◆ Task prompt ◆
Below are records to write out exactly; drop the pictures when you do.

◆ Excerpted data ◆

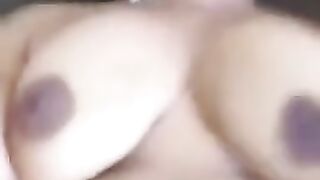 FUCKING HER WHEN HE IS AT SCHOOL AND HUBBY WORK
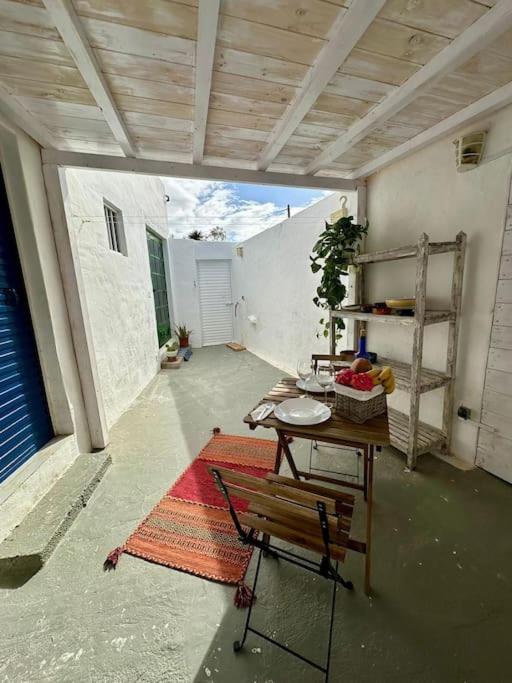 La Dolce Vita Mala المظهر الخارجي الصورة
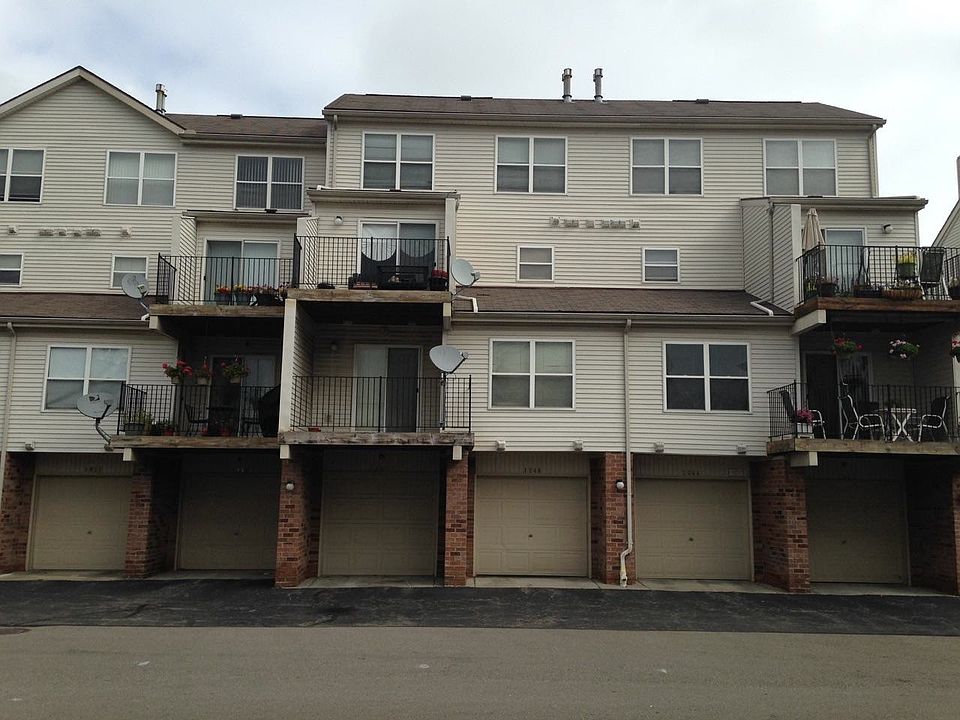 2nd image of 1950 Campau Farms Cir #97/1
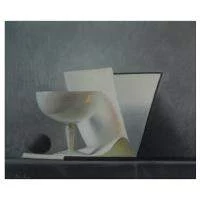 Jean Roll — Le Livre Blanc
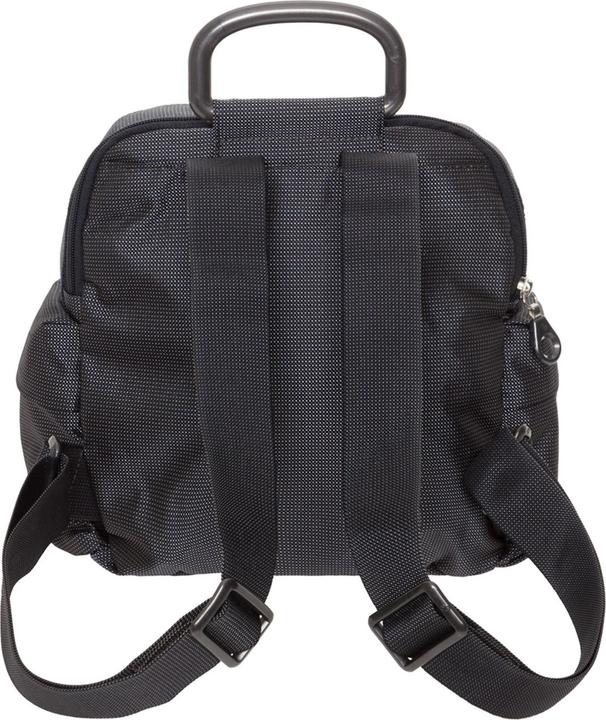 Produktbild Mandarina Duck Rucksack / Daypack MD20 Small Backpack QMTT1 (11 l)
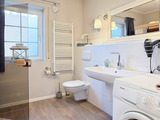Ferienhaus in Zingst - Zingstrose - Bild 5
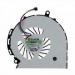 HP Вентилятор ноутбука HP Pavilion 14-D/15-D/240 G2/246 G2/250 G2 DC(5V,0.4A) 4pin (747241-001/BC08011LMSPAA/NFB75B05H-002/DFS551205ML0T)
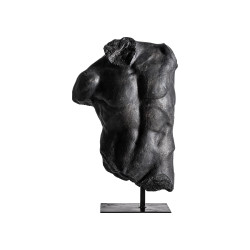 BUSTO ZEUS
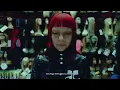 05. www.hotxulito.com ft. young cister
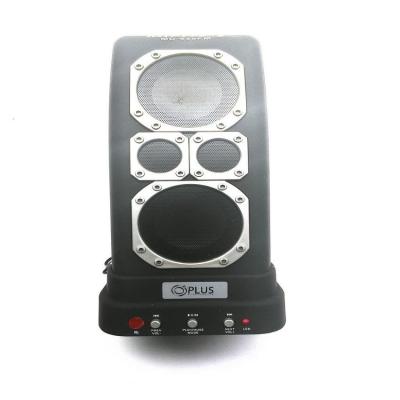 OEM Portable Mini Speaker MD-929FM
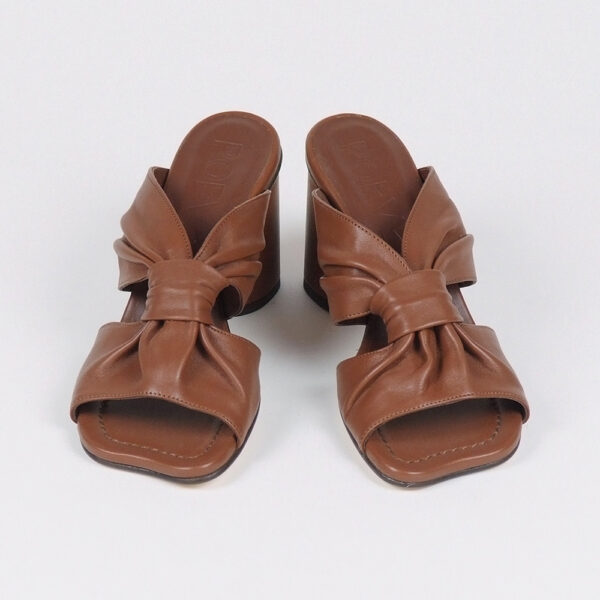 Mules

◆ Response area ◆
 FUCKING HER WHEN HE IS AT SCHOOL AND HUBBY WORK
 La Dolce Vita Mala المظهر الخارجي الصورة
 2nd image of 1950 Campau Farms Cir #97/1
 Jean Roll — Le Livre Blanc
 Produktbild Mandarina Duck Rucksack / Daypack MD20 Small Backpack QMTT1 (11 l)
Ferienhaus in Zingst - Zingstrose - Bild 5
 HP Вентилятор ноутбука HP Pavilion 14-D/15-D/240 G2/246 G2/250 G2 DC(5V,0.4A) 4pin (747241-001/BC08011LMSPAA/NFB75B05H-002/DFS551205ML0T)
 BUSTO ZEUS
 05. www.hotxulito.com ft. young cister
 OEM Portable Mini Speaker MD-929FM
 Mules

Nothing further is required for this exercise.